Sarà lo strumento di certificazione e promozione con cui il GAL identifica e mette in rete le produzioni, i servizi e le esperienze che nascono nel Vibonese
Uno dei momenti di maggiore interesse di questa Anteprima Terra Madre a Tropea, si è avuta con la conferenza tenutasi a Palazzo Santa Chiara, durante la quale – alla presenza dell’assessore regionale all’Agricoltura Gianluca Gallo, dal sindaco Giovanni Macrì e dal presidente del GAL Terre Vibonesi Vitaliano Papillo, insieme a Michelangelo D’Ambrosio (Slow Food Calabria), Rocco Colacchio (Confindustria Vibo Valentia) ed il consigliere regionale Vito Pitaro – si è proceduto alla presentazione del nuovo marchio territoriale “Terre Vibonesi”, uno strumento di qualificazione strategica per la valorizzazione delle micro-filiere locali.
Il Marchio Territoriale Terre Vibonesi sarà lo strumento di certificazione e promozione con cui il GAL identifica e mette in rete le produzioni, i servizi e le esperienze che nascono nella provincia di Vibo Valentia rispettando standard condivisi di qualità, sostenibilità e legame con la comunità locale.

Significativo, poi – come evidenziato dallo stesso presidente Vitaliano Papillo – che a realizzarlo è stata una giovane professionista locale: Lucrezia Bonanno, designer che dopo laurea ed una serie di esperienze e master lontano da casa, ha scelto di tornare nella sua terra per mettere a disposizione la sua professionalità ed il suo bagaglio di conoscenza, fantasia, passione.

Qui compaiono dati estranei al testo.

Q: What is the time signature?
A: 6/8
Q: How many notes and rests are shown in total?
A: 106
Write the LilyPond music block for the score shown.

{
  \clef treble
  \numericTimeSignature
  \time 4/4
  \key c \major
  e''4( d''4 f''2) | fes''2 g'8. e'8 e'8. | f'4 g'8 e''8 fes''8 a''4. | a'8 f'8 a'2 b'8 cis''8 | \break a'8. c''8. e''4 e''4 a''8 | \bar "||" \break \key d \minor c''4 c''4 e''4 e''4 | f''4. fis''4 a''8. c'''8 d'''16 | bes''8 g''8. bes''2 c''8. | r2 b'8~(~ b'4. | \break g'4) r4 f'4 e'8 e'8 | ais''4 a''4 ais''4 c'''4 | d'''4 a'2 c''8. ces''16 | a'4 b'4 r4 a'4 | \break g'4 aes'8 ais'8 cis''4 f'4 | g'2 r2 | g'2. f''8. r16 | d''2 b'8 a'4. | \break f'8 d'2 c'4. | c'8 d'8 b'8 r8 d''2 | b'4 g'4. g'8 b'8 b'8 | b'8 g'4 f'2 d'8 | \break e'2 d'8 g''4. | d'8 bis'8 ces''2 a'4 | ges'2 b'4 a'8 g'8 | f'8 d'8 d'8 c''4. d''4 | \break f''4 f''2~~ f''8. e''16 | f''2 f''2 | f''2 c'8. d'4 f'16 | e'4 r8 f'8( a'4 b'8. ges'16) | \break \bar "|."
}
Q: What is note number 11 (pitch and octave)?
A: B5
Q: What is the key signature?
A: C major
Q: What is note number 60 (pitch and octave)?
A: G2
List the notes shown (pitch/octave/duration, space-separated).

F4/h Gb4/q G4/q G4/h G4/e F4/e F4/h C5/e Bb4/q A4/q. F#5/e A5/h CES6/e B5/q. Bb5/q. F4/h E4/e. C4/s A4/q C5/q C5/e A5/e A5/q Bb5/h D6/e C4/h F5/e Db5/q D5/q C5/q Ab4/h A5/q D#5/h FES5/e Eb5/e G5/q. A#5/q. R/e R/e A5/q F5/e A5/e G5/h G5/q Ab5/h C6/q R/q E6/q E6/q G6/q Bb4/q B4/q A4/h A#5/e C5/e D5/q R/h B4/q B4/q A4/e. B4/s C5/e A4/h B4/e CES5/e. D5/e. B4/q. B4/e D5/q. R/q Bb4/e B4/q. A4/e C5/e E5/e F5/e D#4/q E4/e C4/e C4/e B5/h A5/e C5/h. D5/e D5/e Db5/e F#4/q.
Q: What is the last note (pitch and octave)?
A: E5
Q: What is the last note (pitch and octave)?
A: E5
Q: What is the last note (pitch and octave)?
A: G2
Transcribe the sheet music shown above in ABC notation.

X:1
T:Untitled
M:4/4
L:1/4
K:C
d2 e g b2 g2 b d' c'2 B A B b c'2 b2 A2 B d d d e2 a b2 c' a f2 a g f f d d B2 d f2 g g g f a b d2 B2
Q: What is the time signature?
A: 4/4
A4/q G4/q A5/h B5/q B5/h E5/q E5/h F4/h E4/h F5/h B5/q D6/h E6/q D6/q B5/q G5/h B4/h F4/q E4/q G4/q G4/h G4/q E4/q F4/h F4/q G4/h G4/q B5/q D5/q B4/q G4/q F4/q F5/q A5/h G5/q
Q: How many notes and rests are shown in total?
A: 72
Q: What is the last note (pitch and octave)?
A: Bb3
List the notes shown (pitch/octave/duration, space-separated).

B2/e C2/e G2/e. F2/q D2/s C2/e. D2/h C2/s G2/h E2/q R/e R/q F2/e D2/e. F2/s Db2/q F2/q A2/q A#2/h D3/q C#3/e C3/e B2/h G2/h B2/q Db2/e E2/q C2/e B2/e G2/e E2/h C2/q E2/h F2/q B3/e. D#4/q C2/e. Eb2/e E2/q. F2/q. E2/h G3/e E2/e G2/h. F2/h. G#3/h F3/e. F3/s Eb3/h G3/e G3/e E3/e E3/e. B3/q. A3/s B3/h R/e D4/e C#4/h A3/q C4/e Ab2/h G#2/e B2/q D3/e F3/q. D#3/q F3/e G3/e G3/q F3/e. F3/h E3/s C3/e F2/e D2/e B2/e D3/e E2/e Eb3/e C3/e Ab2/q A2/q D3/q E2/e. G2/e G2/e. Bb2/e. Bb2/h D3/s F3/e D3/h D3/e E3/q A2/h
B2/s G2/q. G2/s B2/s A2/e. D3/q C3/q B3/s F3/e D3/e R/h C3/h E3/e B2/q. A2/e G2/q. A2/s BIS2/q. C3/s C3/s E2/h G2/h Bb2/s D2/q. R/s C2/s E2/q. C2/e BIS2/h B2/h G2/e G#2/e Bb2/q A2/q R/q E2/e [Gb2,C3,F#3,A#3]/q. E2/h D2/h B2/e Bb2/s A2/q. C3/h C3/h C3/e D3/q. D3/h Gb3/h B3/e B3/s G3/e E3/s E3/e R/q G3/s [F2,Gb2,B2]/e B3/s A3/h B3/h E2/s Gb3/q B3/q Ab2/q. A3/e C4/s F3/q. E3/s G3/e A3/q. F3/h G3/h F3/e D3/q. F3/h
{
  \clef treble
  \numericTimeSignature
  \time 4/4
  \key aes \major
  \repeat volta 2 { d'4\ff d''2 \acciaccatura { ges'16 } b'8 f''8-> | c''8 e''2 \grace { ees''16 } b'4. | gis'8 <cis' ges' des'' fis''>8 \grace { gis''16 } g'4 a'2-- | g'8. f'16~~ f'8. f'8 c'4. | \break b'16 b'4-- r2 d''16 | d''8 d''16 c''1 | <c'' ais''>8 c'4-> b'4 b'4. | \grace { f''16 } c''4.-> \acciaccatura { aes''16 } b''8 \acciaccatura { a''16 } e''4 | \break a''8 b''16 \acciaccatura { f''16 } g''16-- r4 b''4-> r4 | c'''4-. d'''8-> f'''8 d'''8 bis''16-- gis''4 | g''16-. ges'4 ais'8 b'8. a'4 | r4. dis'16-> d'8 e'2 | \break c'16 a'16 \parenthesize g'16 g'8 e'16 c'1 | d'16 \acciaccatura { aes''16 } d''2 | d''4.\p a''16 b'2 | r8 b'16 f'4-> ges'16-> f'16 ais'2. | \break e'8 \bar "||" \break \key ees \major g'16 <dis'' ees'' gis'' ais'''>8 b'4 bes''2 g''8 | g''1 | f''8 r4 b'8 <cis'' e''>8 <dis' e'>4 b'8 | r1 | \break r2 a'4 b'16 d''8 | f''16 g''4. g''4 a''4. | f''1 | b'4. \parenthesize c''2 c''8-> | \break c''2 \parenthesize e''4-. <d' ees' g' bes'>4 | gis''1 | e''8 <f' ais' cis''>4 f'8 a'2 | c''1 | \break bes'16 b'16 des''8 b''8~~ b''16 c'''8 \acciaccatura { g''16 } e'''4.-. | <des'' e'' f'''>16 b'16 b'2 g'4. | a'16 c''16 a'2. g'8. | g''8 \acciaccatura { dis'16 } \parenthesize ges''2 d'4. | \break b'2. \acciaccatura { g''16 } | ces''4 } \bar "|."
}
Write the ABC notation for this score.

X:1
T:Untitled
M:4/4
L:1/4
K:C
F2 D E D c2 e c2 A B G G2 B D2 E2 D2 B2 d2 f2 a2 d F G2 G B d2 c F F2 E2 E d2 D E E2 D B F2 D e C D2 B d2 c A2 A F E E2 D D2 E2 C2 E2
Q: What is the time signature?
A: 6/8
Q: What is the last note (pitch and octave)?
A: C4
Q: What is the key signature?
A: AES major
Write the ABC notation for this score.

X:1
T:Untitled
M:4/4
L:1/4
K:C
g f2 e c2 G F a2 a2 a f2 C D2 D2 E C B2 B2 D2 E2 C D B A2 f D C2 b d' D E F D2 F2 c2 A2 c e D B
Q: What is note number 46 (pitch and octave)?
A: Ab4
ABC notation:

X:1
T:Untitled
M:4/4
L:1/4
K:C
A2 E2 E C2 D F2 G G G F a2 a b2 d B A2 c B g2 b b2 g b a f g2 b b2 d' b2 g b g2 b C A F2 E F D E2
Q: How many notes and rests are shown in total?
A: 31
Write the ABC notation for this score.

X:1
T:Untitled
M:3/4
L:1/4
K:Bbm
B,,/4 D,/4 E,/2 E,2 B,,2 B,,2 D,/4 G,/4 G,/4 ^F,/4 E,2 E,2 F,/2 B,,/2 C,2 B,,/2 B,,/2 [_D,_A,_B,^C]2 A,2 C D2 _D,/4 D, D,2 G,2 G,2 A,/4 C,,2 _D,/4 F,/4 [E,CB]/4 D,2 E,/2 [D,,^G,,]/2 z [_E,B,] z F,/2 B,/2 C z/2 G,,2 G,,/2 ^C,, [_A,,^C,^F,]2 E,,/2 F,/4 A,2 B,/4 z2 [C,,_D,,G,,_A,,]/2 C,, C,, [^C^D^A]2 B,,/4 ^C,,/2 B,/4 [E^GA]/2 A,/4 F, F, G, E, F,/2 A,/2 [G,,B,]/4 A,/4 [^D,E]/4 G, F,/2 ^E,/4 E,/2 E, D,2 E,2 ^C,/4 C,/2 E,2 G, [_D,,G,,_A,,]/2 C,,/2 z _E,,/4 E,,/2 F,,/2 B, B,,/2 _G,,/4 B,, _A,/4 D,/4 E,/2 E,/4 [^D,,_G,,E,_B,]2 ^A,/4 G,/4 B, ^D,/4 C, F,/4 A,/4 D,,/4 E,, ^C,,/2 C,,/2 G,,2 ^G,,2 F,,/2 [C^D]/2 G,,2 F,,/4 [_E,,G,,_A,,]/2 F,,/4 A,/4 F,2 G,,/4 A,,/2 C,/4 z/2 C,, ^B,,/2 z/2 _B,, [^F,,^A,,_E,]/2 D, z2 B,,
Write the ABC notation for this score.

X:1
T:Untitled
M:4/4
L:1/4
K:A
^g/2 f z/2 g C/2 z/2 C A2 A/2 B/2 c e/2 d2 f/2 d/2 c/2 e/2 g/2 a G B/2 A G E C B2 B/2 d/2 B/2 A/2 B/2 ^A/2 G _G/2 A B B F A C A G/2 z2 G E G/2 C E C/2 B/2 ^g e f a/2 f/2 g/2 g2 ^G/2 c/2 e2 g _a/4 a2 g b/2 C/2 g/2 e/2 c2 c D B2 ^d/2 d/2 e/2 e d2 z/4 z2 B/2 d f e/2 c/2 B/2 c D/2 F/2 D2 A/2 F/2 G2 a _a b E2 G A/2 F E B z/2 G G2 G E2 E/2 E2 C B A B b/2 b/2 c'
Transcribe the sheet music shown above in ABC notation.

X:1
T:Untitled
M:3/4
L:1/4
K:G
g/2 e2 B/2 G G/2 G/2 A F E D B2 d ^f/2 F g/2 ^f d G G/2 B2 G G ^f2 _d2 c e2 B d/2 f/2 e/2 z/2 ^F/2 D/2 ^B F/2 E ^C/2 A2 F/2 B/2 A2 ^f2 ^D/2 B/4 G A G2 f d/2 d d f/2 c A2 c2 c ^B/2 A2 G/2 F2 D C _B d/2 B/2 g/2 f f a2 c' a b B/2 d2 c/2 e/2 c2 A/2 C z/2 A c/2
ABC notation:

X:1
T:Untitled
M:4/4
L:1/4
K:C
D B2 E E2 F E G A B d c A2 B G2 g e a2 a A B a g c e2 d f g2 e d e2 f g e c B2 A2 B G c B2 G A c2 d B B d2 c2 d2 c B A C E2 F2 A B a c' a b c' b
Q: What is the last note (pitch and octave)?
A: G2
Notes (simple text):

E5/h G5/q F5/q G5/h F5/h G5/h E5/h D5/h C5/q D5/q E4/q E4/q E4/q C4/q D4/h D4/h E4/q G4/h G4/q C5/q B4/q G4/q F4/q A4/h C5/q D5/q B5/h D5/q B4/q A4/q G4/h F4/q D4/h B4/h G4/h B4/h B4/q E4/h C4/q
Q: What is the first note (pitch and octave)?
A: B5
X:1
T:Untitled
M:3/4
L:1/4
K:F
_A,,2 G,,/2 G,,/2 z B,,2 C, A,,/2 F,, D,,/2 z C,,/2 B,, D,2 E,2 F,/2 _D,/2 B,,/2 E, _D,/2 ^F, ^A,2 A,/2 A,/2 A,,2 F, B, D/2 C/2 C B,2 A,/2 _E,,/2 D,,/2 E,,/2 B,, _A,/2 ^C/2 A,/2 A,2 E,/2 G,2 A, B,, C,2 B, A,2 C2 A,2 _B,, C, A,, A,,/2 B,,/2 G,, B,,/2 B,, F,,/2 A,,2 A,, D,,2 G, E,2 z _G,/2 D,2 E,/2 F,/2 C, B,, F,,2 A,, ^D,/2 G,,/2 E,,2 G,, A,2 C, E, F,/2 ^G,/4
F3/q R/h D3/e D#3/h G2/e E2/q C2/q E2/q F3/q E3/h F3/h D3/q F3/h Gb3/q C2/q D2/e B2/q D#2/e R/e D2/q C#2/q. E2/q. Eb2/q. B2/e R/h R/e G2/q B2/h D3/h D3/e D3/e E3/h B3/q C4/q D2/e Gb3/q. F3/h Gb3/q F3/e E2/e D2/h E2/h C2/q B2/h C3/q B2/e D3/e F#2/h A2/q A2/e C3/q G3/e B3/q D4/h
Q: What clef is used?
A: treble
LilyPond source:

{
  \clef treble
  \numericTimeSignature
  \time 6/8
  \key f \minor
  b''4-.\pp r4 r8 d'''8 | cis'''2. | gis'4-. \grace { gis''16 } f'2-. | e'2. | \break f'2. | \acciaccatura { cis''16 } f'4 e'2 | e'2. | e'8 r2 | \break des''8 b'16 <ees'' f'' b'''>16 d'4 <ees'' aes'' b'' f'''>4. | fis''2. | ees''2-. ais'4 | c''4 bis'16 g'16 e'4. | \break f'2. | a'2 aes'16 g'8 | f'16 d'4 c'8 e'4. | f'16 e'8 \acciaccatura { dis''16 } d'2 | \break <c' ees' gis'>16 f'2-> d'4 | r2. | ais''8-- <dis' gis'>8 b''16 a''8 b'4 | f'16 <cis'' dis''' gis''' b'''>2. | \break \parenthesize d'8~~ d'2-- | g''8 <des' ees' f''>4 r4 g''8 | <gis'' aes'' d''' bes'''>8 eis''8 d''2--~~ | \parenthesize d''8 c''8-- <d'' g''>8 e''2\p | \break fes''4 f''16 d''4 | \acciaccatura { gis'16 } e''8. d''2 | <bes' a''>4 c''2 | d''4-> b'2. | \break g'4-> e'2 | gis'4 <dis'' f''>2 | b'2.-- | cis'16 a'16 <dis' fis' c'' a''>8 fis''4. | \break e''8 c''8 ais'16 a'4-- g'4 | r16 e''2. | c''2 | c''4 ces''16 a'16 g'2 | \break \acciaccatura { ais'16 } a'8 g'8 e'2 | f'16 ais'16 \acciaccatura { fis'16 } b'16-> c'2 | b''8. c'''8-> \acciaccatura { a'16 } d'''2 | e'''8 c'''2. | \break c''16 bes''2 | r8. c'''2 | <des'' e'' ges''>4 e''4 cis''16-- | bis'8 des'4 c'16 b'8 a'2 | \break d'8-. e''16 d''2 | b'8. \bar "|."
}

Il Marchio Territoriale Terre Vibonesi non è un logo applicato a un prodotto, ma un impegno: chi lo porta sceglie di farsi riconoscere come parte di un sistema, di assumersi una responsabilità verso il territorio e di stare dentro un racconto comune.
Questo nuovo Marchio rappresenta quindi uno dei principali strumenti di sviluppo locale messi a punto dal GAL Terre Vibonesi, nato per rispondere a una domanda concreta: come trasformare la qualità diffusa di un territorio – fatta di filiere agroalimentari, artigianato, ospitalità, paesaggio e cultura – in un sistema riconoscibile, capace di attrarre consumatori, viaggiatori e investitori.
Ecco l’idea di costruire un’identità condivisa, garantita da regole comuni e da un percorso di adesione che mette i produttori in dialogo tra loro e con le istituzioni.